- [Raw data]:
* * * * * * * * *

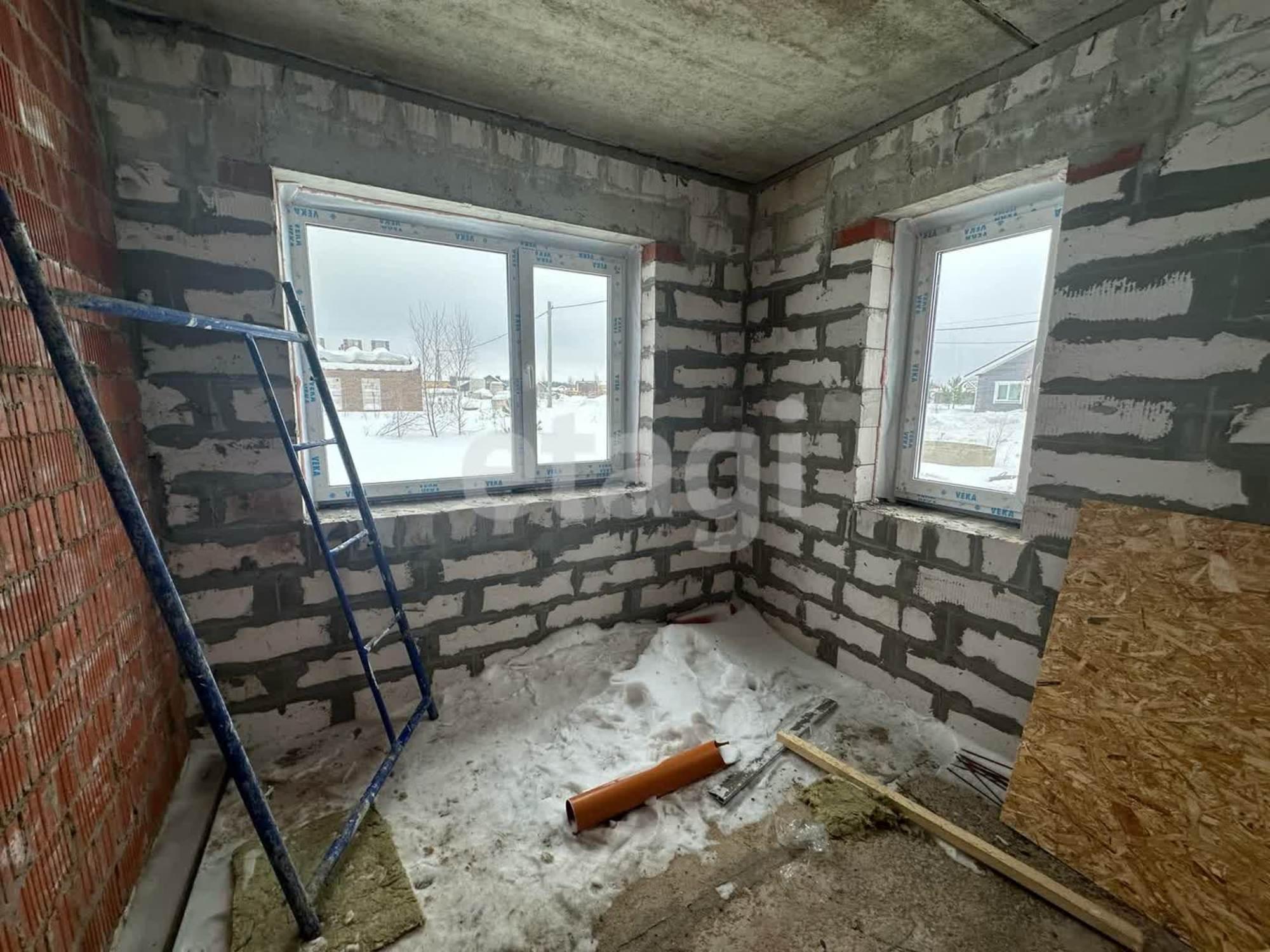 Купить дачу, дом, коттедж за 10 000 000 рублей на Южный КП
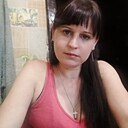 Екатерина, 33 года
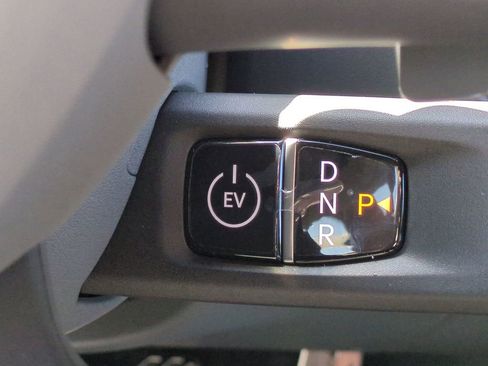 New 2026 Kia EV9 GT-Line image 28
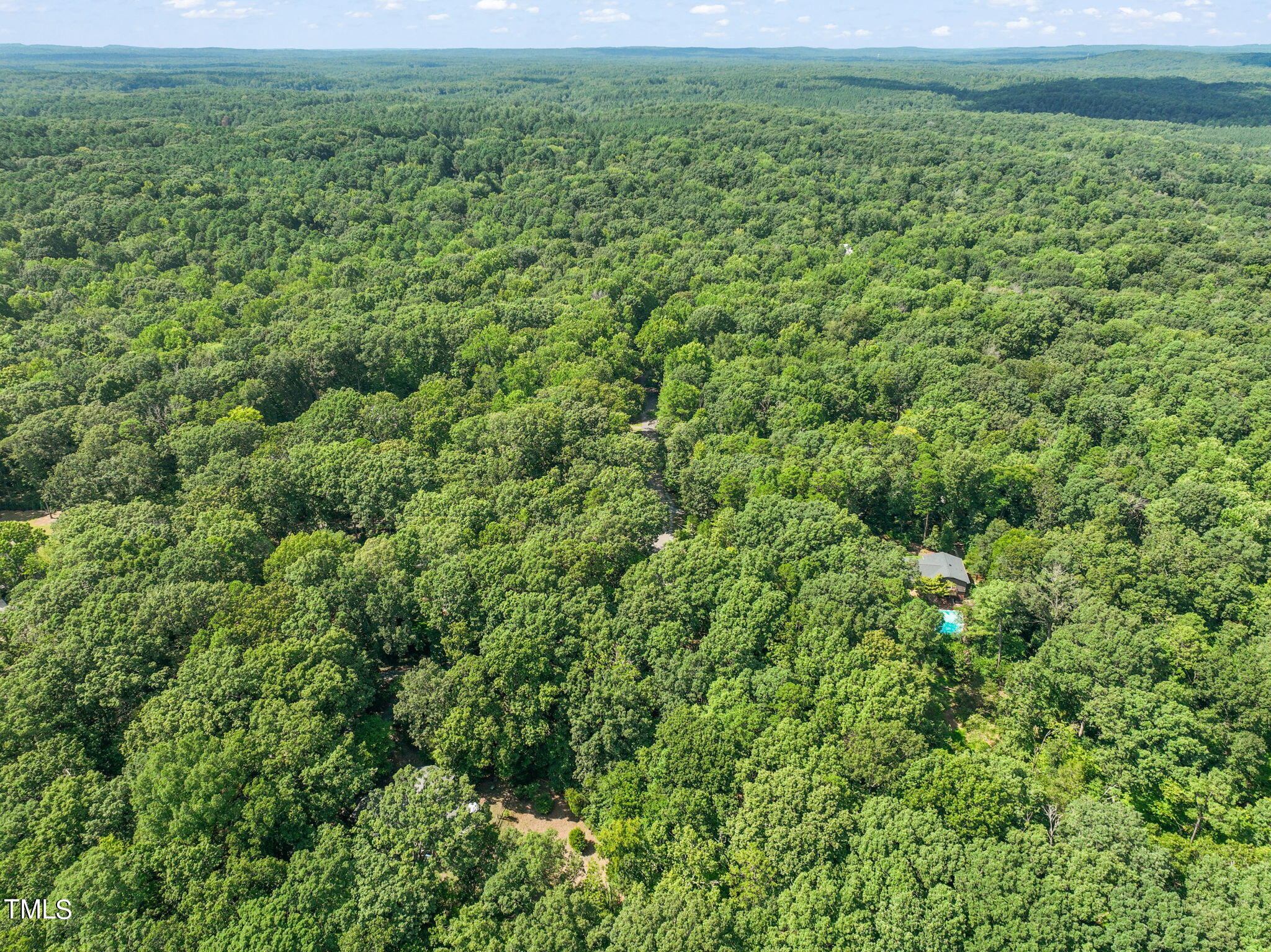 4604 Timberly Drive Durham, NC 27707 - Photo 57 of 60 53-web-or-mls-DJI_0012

* * * * * * * * *

- [Work item]:
Copy all the lines of data exactly as they appear, dropping any images.

- [Problem solution]:
 Купить дачу, дом, коттедж за 10 000 000 рублей на Южный КП
 Екатерина, 33 года
 New 2026 Kia EV9 GT-Line image 28
 4604 Timberly Drive Durham, NC 27707 - Photo 57 of 60 53-web-or-mls-DJI_0012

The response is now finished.